The sampling program begun as HASP was extended into Projects Stardust, Airstream, and Ashcan. All shared common objectives:
- The determination of the quantities of various radionuclides in the stratospheric reservoir and the distribution of this debris as a function of latitude, altitude and time
- The estimation of the residence times of these radionuclides in the stratospheric reservoir, and
- The determination of the mechanisms and rates of mixing and transfer of this debris within the stratosphere and into and through the troposphere.
Programs and Database Organization
All of the data presented here has been published previously. Much of it was made available in computerized form as the TRACDAB and RANDAB databases.
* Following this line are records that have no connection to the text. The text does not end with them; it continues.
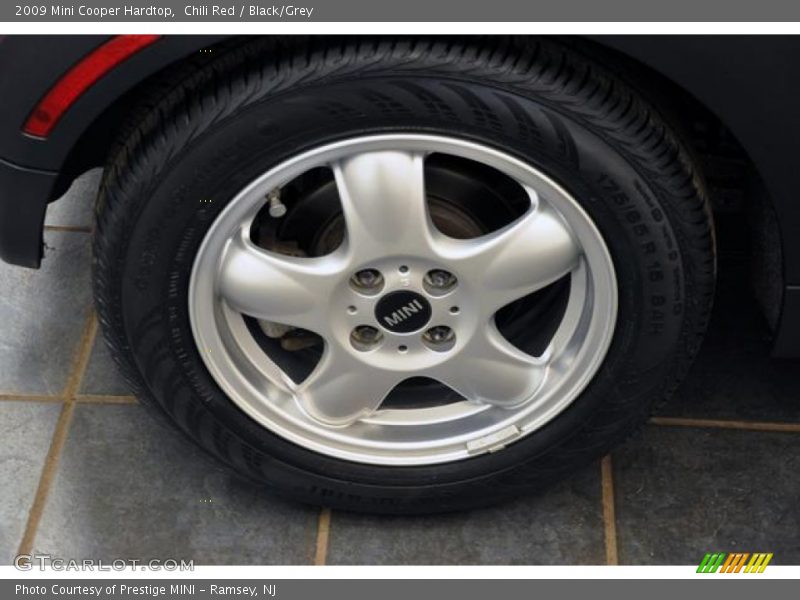 Chili Red / Black/Grey 2009 Mini Cooper Hardtop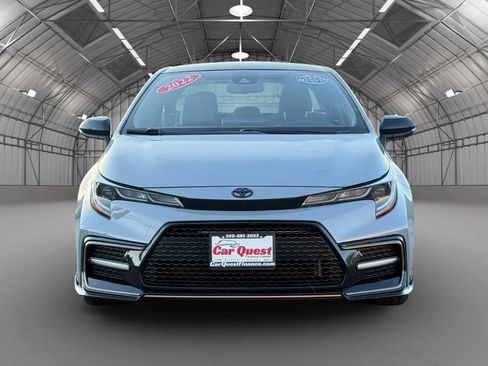 Used 2022 Toyota Corolla SE FWD image 2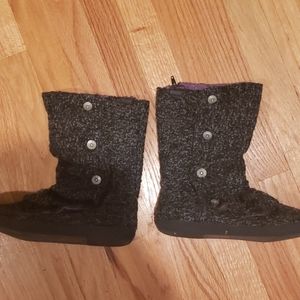 Blowfish boots. Charcoal gray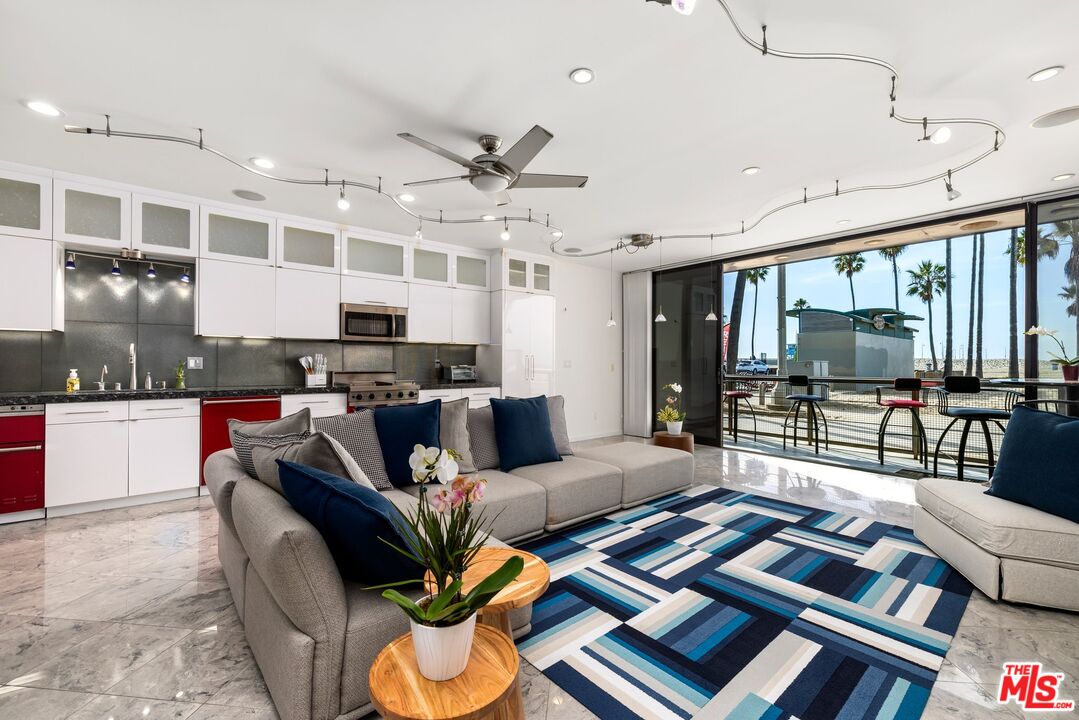 3007 Ocean Front Walk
However, EML has substantially improved the organization of the data in conjunction with conducting a comprehensive inventory and creating an accurate archival database.
Stardust
The Stardust program is divided into two domains: individual ID numbers and composite ID numbers. The individual ID numbers were those numbers assigned to the actual samples as they were received. They are sequential five-digit numbers running from 00001 through 24484, with occasional gaps.
Pieces from one or more samples were combined to form composite samples for analysis. The analysis samples were assigned a composite ID - two letters followed by a number, such as ST-104. The letters generally indicate which isotopes were analyzed for that composite:
- SF - fission products (90Sr, 144Ce, 89Sr, 95Zr, others)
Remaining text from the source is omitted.